I am walking the Somme. From downtown Decatur to Bethlehem, Georgia or from Springfield to Decatur, Illinois, between 2 1/2-3 million men fought with over 1 million killed, wounded, or missing in action. In the period July 1 to December 1916, over 500,000 killed. That July 1 has been declared the “worst day in the history of the British army”, 60,000 killed and wounded in the first day the British attacked the Germans in this area.
It is unfathomable. As I just mentioned in previous post, there are hundreds of monuments, memorials, and cemeteries. In the Somme, there are no monuments to hometown son making big time political leader; there are no museums for a world renown artist; no plaque commemorating some event such as Lindbergh’s landing in France.

Every French village has a monument for its WW1 dead. The monument may be next to the church; the monument may be at the village center; the monument may be at its crossroads. But it is there.

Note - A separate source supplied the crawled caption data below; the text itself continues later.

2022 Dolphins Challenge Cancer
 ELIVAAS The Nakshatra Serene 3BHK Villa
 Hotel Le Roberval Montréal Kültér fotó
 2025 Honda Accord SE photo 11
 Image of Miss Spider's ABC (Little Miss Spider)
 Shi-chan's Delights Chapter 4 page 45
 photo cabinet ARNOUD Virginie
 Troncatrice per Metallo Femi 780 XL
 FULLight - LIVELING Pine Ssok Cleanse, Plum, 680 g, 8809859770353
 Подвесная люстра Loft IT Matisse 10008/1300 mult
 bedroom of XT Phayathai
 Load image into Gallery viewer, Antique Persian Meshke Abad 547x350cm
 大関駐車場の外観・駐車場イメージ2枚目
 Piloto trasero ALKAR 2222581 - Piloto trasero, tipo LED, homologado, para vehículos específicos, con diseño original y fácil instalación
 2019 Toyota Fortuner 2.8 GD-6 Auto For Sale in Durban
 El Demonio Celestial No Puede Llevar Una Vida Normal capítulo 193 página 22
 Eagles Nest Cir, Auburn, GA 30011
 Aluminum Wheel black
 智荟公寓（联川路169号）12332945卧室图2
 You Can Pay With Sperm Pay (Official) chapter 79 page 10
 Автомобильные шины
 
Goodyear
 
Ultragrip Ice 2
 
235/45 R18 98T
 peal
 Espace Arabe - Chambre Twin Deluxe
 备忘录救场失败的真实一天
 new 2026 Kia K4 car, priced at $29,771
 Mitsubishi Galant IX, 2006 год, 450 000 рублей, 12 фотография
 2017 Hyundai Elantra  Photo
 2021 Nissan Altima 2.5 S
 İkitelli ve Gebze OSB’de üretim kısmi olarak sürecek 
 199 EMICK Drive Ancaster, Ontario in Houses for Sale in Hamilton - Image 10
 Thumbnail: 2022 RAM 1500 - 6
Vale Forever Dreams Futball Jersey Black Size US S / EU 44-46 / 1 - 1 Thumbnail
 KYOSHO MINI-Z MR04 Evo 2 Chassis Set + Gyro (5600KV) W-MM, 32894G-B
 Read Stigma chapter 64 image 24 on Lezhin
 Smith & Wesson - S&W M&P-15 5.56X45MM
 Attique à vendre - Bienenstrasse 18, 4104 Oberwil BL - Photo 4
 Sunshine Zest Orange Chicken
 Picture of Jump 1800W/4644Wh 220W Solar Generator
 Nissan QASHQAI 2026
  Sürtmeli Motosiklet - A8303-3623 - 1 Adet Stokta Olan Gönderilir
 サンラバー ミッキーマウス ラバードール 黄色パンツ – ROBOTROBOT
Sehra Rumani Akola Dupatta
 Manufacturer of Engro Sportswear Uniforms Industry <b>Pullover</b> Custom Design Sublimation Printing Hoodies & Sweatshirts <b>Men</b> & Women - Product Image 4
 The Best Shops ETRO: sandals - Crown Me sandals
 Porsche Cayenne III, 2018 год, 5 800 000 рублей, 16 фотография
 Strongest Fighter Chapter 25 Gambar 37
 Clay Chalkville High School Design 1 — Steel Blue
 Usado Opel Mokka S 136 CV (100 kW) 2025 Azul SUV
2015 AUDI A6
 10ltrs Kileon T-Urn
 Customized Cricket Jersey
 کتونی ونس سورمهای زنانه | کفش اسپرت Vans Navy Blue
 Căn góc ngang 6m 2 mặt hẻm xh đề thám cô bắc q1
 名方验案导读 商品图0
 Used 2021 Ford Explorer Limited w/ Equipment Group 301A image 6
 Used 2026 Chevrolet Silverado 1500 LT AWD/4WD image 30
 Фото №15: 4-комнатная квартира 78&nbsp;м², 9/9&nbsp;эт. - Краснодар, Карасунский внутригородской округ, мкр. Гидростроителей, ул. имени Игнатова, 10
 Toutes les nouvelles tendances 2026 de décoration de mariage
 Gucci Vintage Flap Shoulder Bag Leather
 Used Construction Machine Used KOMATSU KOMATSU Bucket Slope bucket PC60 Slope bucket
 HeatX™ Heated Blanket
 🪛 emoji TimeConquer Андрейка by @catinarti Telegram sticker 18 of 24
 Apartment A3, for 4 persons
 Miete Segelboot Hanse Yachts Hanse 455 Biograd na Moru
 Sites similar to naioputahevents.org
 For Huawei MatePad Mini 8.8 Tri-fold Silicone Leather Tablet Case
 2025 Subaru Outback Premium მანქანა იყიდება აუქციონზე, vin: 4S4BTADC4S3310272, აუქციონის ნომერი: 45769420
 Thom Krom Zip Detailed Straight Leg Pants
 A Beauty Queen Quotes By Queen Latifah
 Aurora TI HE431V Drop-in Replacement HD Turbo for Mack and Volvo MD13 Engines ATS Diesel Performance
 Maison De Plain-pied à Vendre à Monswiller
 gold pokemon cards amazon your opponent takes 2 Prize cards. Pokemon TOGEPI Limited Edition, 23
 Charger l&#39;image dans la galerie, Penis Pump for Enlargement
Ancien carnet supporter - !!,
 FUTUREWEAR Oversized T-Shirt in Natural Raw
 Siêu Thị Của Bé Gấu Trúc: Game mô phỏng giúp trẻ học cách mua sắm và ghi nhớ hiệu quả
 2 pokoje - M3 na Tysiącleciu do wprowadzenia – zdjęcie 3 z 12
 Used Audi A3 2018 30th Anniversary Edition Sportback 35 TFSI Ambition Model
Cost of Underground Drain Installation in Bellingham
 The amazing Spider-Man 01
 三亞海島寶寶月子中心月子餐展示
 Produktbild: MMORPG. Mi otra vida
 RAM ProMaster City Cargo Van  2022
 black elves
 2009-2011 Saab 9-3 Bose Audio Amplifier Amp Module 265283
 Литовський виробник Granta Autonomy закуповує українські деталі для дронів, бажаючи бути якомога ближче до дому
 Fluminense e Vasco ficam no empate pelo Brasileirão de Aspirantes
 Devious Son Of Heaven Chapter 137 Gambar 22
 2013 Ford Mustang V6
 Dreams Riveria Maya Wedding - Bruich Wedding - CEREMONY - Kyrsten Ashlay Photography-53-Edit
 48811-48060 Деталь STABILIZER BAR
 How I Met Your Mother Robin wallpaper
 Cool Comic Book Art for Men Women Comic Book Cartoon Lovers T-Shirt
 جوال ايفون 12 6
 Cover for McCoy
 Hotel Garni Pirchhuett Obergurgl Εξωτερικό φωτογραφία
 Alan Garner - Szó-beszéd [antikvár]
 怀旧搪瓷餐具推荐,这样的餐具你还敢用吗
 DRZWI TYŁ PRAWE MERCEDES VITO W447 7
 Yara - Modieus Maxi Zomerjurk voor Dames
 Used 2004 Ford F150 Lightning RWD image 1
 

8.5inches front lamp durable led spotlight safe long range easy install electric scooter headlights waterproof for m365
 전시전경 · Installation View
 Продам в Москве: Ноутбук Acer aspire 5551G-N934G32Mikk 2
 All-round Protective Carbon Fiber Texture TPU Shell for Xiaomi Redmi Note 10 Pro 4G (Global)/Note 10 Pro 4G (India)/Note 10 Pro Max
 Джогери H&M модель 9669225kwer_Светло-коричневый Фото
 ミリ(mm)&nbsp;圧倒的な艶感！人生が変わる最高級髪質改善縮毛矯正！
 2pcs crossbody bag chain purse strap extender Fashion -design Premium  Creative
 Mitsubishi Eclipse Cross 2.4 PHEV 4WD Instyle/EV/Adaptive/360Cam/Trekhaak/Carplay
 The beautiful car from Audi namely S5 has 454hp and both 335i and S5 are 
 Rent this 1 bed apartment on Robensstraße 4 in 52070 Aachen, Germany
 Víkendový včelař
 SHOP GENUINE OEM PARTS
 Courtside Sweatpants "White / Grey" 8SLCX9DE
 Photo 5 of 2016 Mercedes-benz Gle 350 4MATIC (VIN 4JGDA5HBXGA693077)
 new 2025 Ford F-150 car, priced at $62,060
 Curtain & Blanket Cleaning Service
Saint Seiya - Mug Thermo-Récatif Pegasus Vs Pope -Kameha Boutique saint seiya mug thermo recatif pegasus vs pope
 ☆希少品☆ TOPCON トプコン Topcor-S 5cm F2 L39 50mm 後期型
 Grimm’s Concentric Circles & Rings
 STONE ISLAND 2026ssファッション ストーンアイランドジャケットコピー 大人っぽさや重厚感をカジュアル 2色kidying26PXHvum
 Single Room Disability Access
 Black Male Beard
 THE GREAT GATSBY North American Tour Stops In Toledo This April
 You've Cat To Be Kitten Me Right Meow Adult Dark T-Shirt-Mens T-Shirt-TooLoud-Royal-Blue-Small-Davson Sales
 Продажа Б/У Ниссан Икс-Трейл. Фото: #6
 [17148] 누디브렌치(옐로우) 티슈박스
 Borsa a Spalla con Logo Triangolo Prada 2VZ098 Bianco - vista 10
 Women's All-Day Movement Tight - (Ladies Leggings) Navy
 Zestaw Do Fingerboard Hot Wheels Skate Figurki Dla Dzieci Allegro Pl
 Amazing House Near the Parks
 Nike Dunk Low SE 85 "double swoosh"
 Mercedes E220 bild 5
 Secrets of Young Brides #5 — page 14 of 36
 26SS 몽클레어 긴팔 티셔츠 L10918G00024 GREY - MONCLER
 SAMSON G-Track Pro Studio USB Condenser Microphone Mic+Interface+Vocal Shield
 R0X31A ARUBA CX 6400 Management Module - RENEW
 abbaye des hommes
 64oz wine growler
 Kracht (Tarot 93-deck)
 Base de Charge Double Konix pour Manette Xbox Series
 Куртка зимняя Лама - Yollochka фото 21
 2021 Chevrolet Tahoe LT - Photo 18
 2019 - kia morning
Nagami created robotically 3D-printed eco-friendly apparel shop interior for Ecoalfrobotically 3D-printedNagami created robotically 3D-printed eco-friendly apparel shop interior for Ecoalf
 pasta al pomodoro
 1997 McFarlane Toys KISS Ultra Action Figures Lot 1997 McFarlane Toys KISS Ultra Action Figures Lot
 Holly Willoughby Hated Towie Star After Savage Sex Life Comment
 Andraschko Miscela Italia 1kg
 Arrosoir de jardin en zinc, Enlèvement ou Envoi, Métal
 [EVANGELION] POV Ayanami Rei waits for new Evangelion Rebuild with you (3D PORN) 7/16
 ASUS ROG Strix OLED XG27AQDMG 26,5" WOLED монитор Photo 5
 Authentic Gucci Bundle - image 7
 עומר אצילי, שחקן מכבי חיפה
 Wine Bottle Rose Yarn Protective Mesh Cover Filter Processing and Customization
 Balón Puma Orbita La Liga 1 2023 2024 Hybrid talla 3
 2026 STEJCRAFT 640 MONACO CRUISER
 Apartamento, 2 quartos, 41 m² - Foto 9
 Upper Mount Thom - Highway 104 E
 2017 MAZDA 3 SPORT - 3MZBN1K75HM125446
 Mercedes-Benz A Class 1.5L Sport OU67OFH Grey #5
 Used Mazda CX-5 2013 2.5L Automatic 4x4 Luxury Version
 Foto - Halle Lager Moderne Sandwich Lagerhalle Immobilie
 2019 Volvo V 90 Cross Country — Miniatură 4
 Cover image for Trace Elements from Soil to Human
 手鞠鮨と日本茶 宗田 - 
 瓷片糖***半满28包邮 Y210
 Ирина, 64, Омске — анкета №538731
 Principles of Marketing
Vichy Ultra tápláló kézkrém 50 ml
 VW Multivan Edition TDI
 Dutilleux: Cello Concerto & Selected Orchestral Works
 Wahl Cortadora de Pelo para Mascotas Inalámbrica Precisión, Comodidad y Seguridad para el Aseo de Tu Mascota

The cemeteries are everywhere. Even though the French allowed its soldiers to be buried elsewhere such as their home village or town, the French cemeteries contain hundreds of thousands of soldier. Since the British did not repatriate the dead, their cemeteries contain hundreds of thousands of men, their ossuaries contain the skeletal remains of hundreds of thousands more. The Germans also repatriated their dead; however, while not frequently visited according to Sylvester my guide, there are subdued German cemeteries, without any large monuments, for thousands of German dead. I am jolted by seeing a German grave with the Star of David.

Although my Jones ancestors arrived in the USA hundreds of years ago, I look for some sign of distant, distant Jones relatives that are buried in these cemeteries. I don’t have to look long.
This war truly was global. I visited an out-of-the-way Indian and Chinese Cemetery. Their numbers are staggering. Over a million South Asians served with approximately 10,000 killed in France; over 145,000 Chinese served as workers with at least 3,000 dying in France. While I didn’t specifically see evidence of their serving, many Algerians and other French colonists fought and died.



The region is too large to turn it into a Smokey National Park of the Dead. Visitors come from everywhere. I talked to two women from Perth whose great grandfather’s had died here. I listened briefly to a guide talking to a dozen visitors from the UK. I saw three bus loads of children, almost definitely French, walk into the Norte Dame de Loretta.
Whether successful or not, the home countries of these soldiers wanted to try to honor their sacrifice. Sadly to say, even such massive killing as happened in the Somme can fade into unreality. Sometimes it takes a jolt to make what we’ve read become real and concrete. That “jolt” can come in many ways. Certainly one way is walking the Somme and seeing its memorials and cemeteries.